DISCLAIMER: Couscous is a dish made from tiny granules of durum wheat. It is closely related to pasta, as durum wheat is the same type of wheat that is most commonly used for making pasta. Couscous originated in North Africa. I normally cook with traditional couscous. However, I was out of luck this weekend. My local grocery store had run out of traditional couscous and only had whole wheat Israeli couscous. How different could that be-right? Couscous by any other name...Anyway, Israeli couscous is a variation on the traditional couscous. Despite the larger pearl-like granules of the Israeli couscous, the darker color and the slightly chewier texture, I figured it was healthier (since it was whole wheat), and I made it work. So I hope I won't get pelted with vicious words because this does not look like the couscous you ate at the Moroccan restaurant in Marrakesh one day. No sacrilege was intended during the making of this meal. I know how sensitive people can be about their food, so I thought it wise to address this. I used the package instructions to prepare the couscous (as with this pack, I was cruising in unfamiliar territory), and threw in a few extras to make it my own. I was determined to take my taste-buds on a safari to Morocco and by God, I would make it happen (traditional couscous or not)! The idea was to make a "Kenya meets Morocco meal". So if you would like to replicate the idea, please use the North African variety of couscous :-)
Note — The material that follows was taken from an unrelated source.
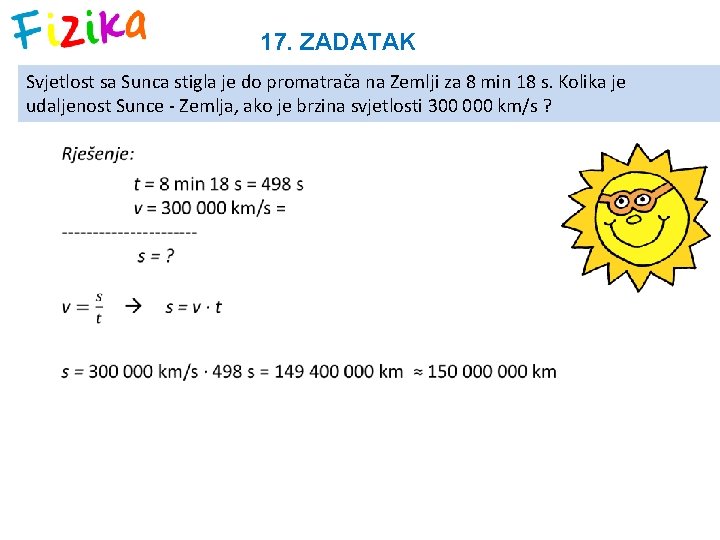 17. ZADATAK Svjetlost sa Sunca stigla je do promatrača na Zemlji za 8 min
Now that that's out of the way, I shall resume my normal "conversation". Africa is a vast and expansive continent. One of the things in my bucket-list is to visit every corner of Africa some day. But until I gather enough resources to do so, I can dream, can't I? If I can't physically be there, at least I can eat like I'm there. So this weekend, I decided to make a whole meal that involved the following:
Kenyan sauteed cabbage and peppers.
Kenyan style chicken curry.
Citrus Couscous (my aim was to cook Moroccan couscous).
Tfaya (Moroccan caramelized onions, raisins and aromatic spices).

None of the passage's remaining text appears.